おとうさん。なんでも、練習すれば。上手になるもの、ですねえ。
すぐ前の、山で。鳴いてた、ウグイス。ほんの、数日前は。
途切れ、途切れに。「ホー」とか。「ケキョ」とか、いってたのに。
ちゃんと、さえずりが。
『ホーホケキョ』に、なりましたよ。
そういえば。おとうさんが、元気だったころ。
「なんでも、身に、つけとって。損には、ならん。」
「男の子じゃけえ。魚ぐらいは、さばけんと。」いうて。
ことあるごとに。
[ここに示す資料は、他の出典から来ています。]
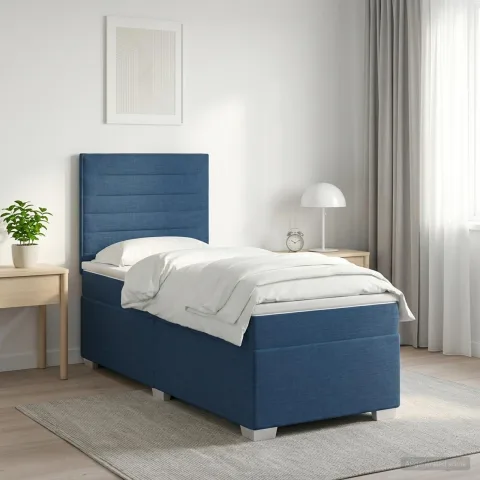 vidaXL Pat boxspring cu saltea albastru 90 x 200 cm Țesătură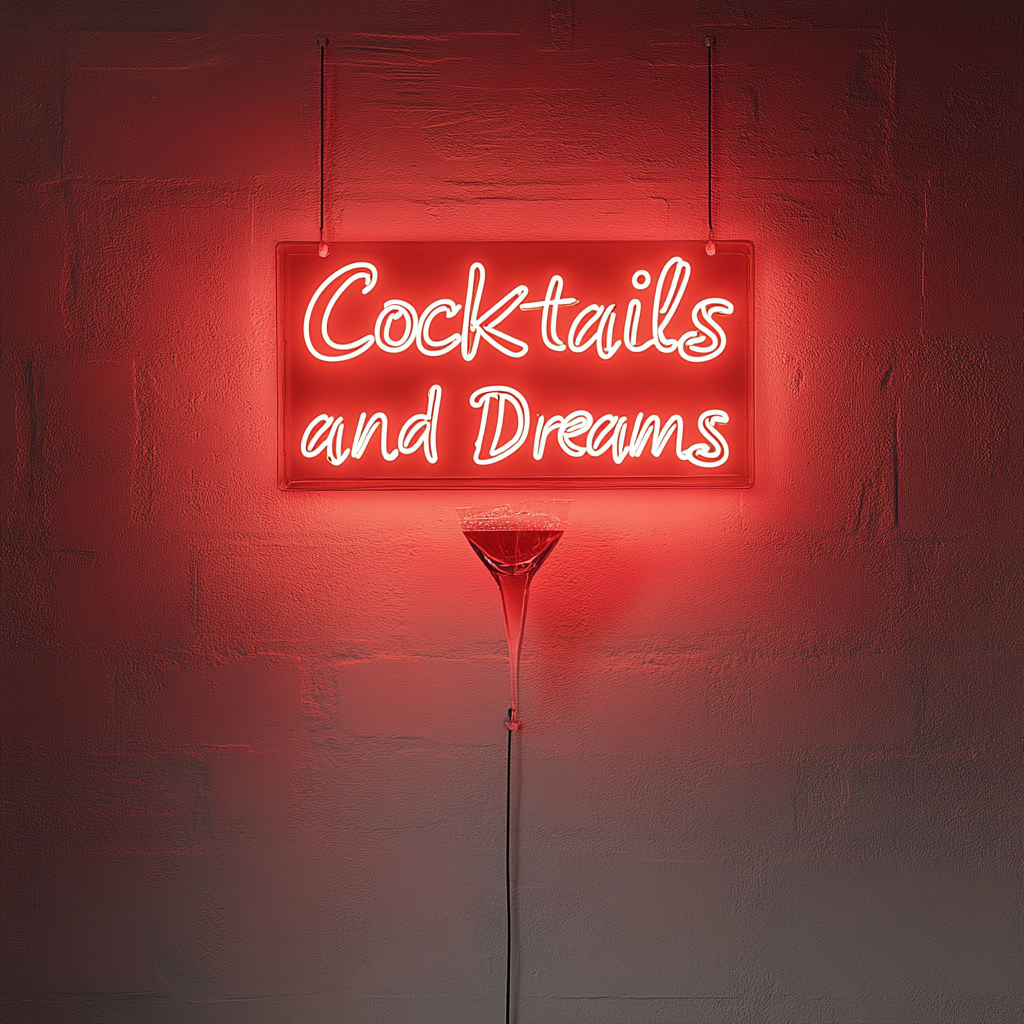 "Cocktails and Dreams" - Red Neon Sign, 24 Inches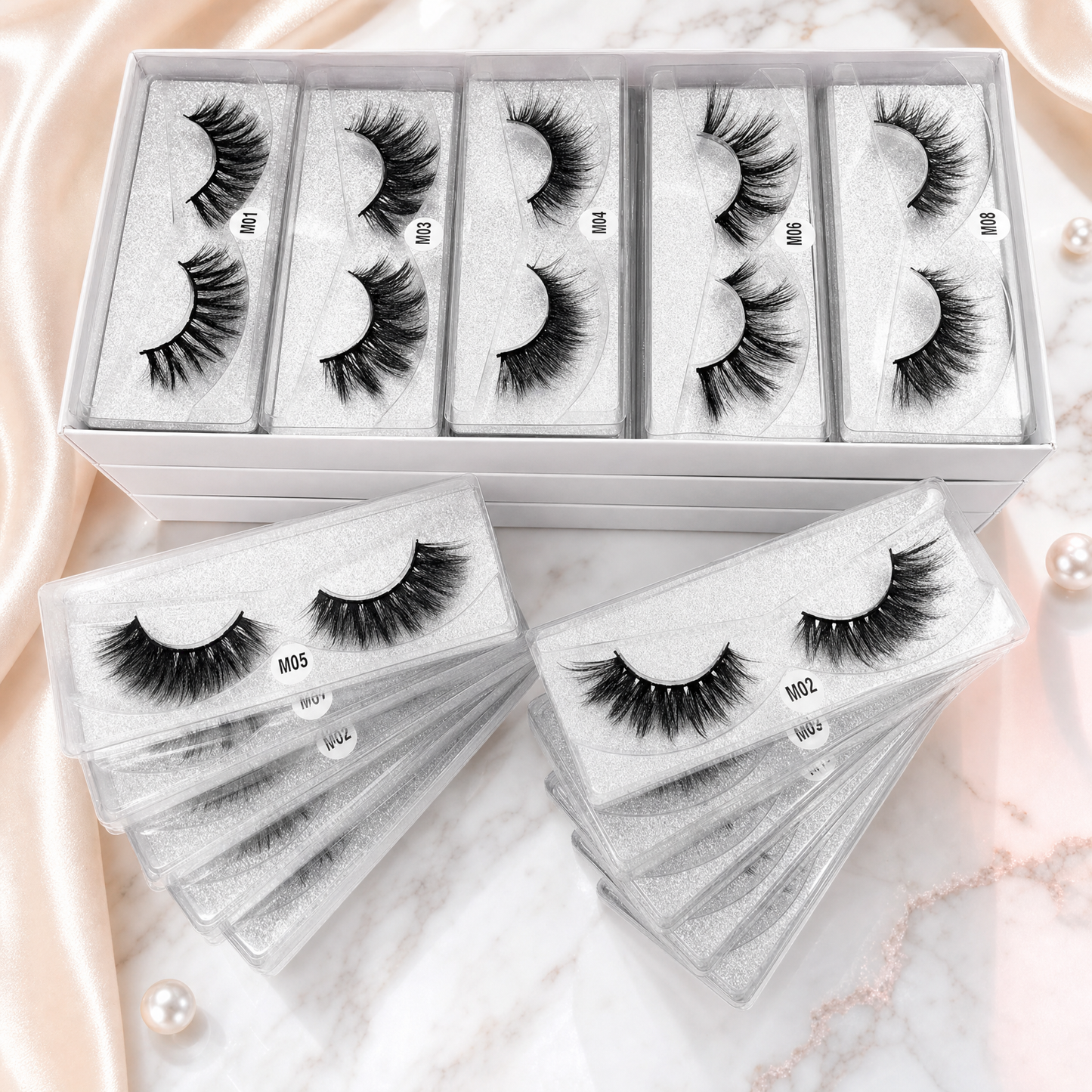 10 Pairs Mixed 3D Thick False Lashes – Natural Look Variety Set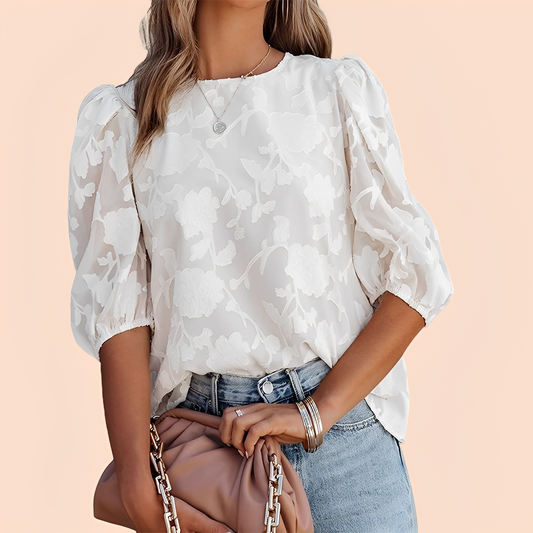 Amy – Stilvolles und Bequemes Damenoberteil mit Blumenmuster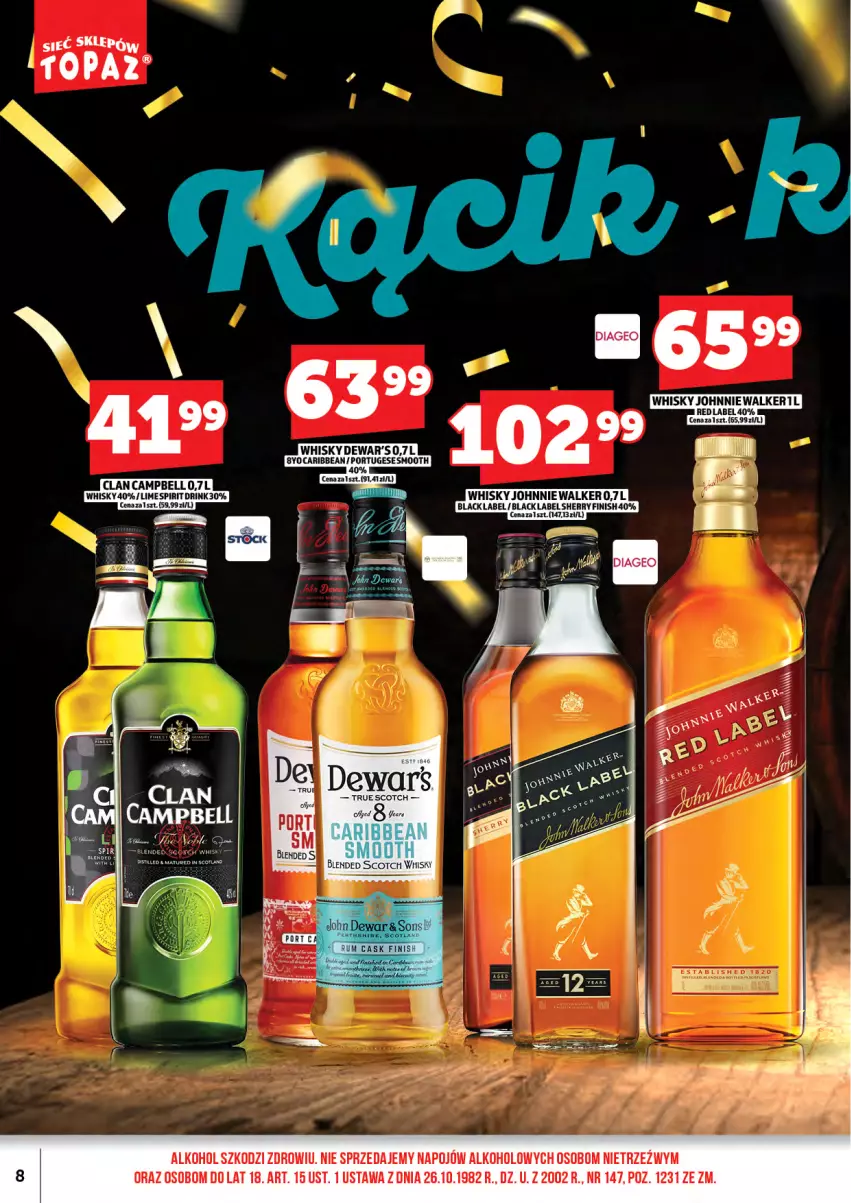 Gazetka promocyjna Topaz - Gazetka - ważna 01.02 do 15.02.2026 - strona 10 - produkty: Bell, Finish, Johnnie Walker, Lack, Por, Top, Whisky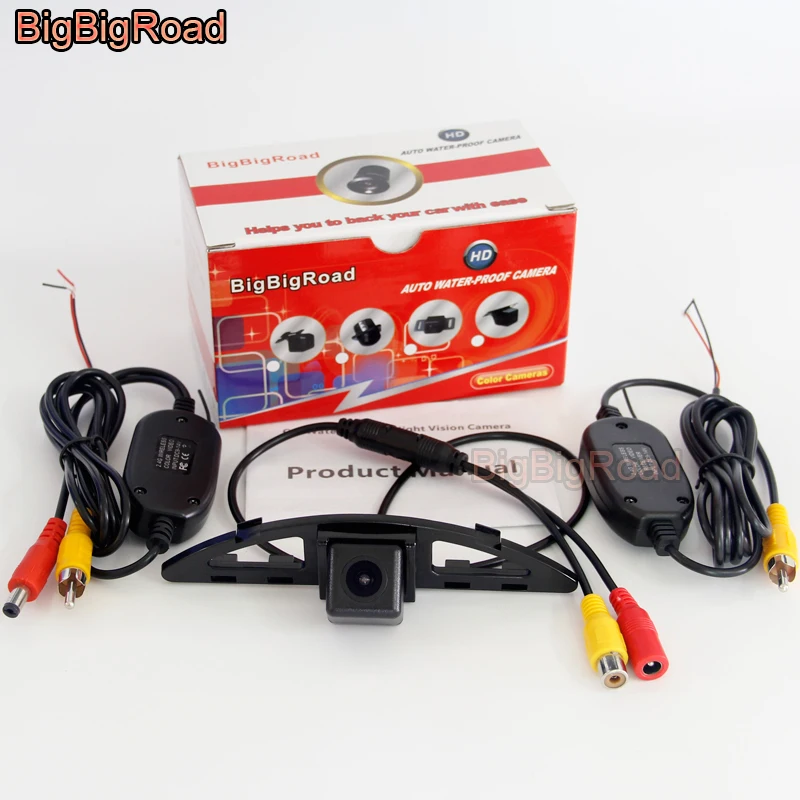 BigBigRoad Wireless Vehicle Rear View Parking CCD Camera For Honda City 2008 2009 2010 2011 2012 2013 2014 HD Color Image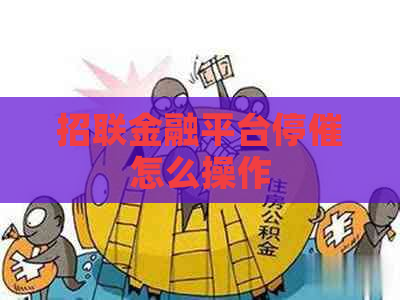 招联金融平台停催怎么操作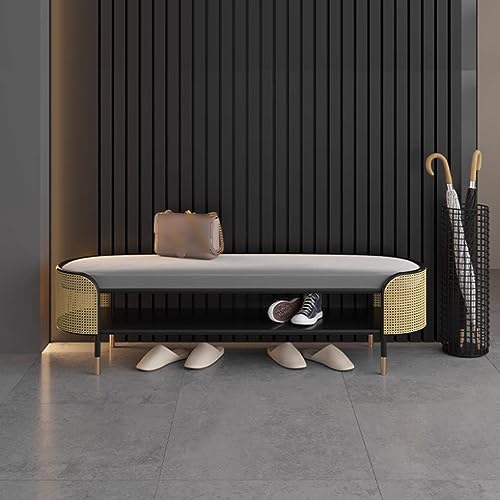 Banc à chaussures en métal gris meuble de rangement entrée compact - 3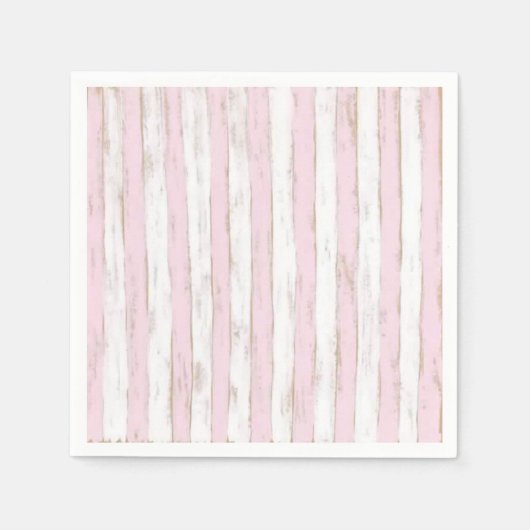 Shabby Chic Pink Stripe servetten (Voorkant)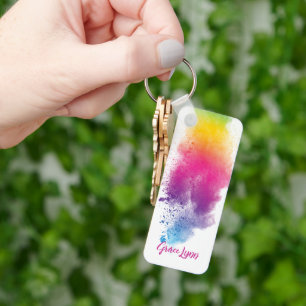 Rainbow Splash Dyeing Keychain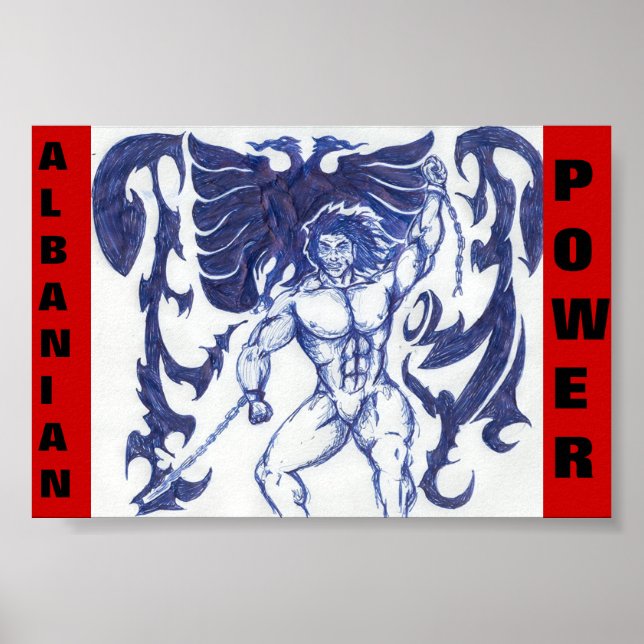Póster poder albanés (Frente)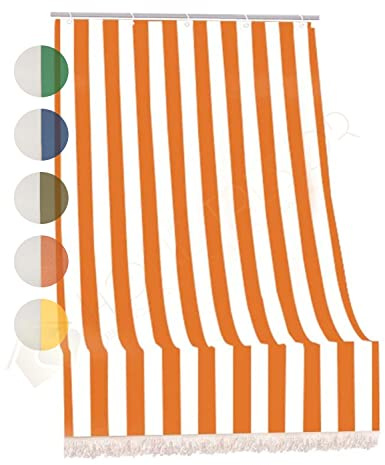 Tenda da Sole da Veranda e da Giardino in Tessuto Resistente, Ombreggiante, Idrorepellente, Protezione dai Raggi UV - Tenda a Caduta Fantasia Rigata (200x300 cm, Arancio)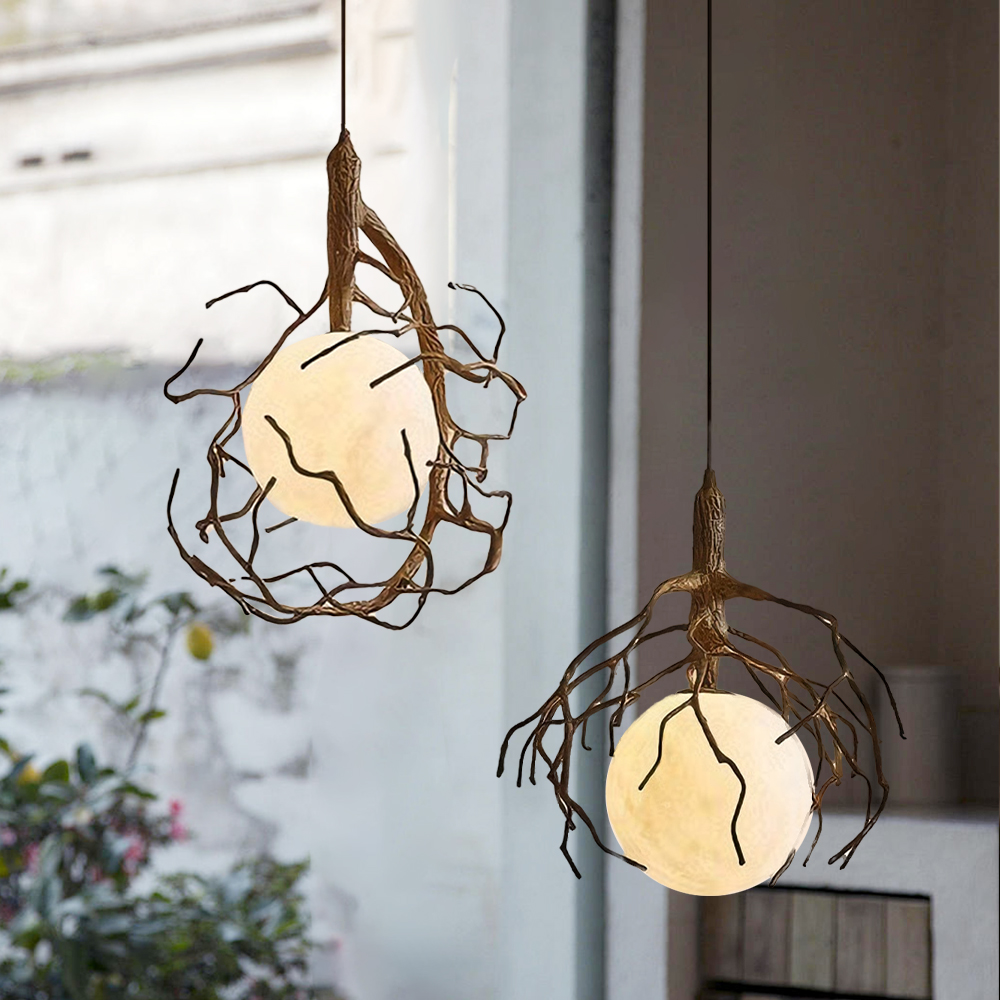 Wabi Sabi Style Branch Sphere Chandelier Living Room Artistic Ambience Lamp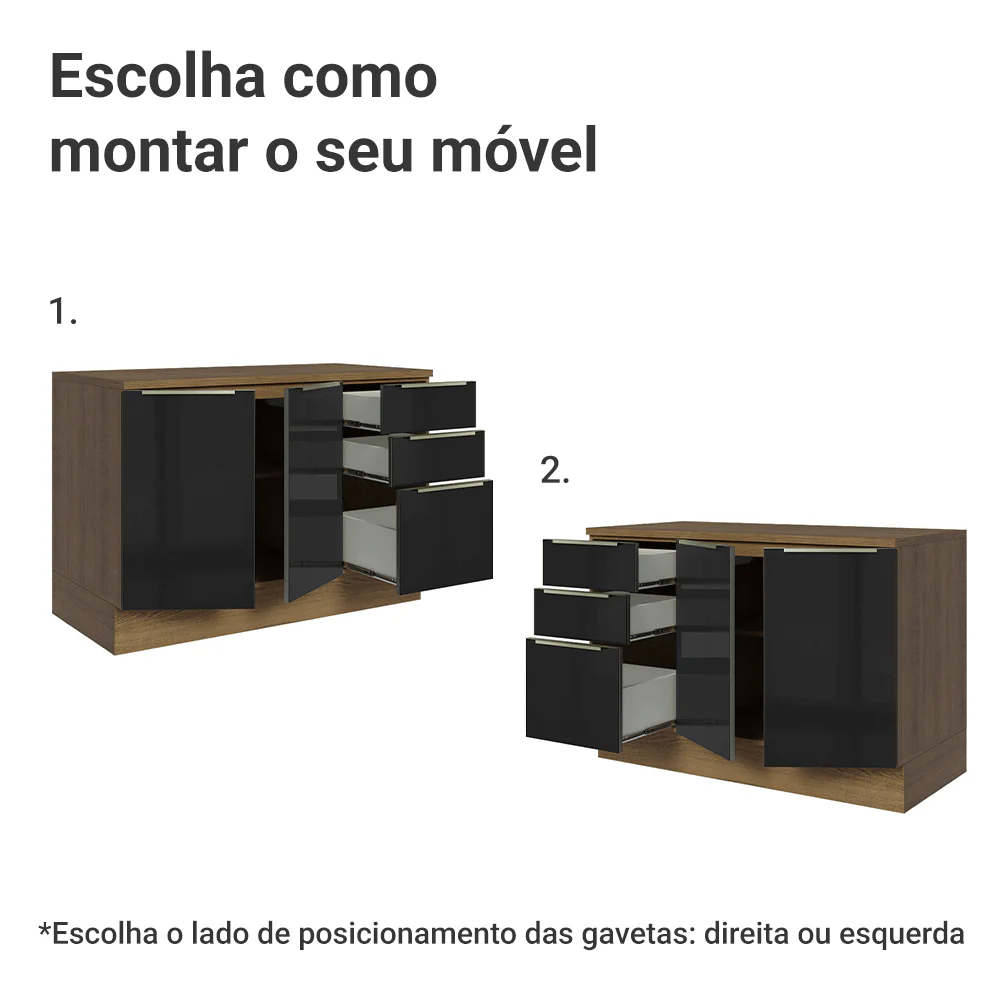 Balcão de Cozinha 120 cm 2 Portas 3 Gavetas Rustic/Preto Lux Madesa - Image 4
二人に。魚の、さばき方を。教えて、いたよねえ。
「ちがう、違う。」
「そうじゃあ、ない。」
「この魚は、なあ。こうやるんや。」いうてね。
ひとつ、ひとつ。手取り、足取りでね。教えたん、だよね。
きょうは。次男が。おとうさんの、代わりでね。
「キスは、三枚に、おろして。」
「ガッチョは。ちょっと、難しいんやで。」
「おとんに。教えて、もろたんや。」
「ここを、こうやって。首んとこ、少し残して。」
「くるっと、皮を。むぐんや。」
「それから。」
「背骨の、とこは。こうやって。」って。
おとうさんが。教えた、通りに。指示を、だしてね。
魚は。長男が。さばいたん、だよね。
「兄、うまいこと。さばいたで。おかん。」
「じょうずに、できたで。」
「これなら。ガッチョの、天ぷら。できるで。」
「揚げたら、チュウリップに、なるやつやで。」いうてね。
ふたりで。大さわぎだよ。
ほんと。なんでも。練習あるのみ、だよね。
うろこも。満足に、とれなくてね。
「おとん、これは、どうするん。」
「おとん。つぎは。」いうてた、息子たちが。
今では。あんな。小さな、ガッチョでも。
しっかり、さばけるように。なったん、だものね。
おとうさん。うれしいでしょう。
「教えた、かいが。あったなあ。」ってね。
思って、いるよねえ。きっと。
そうでしょう。 ねえ。おとうさん。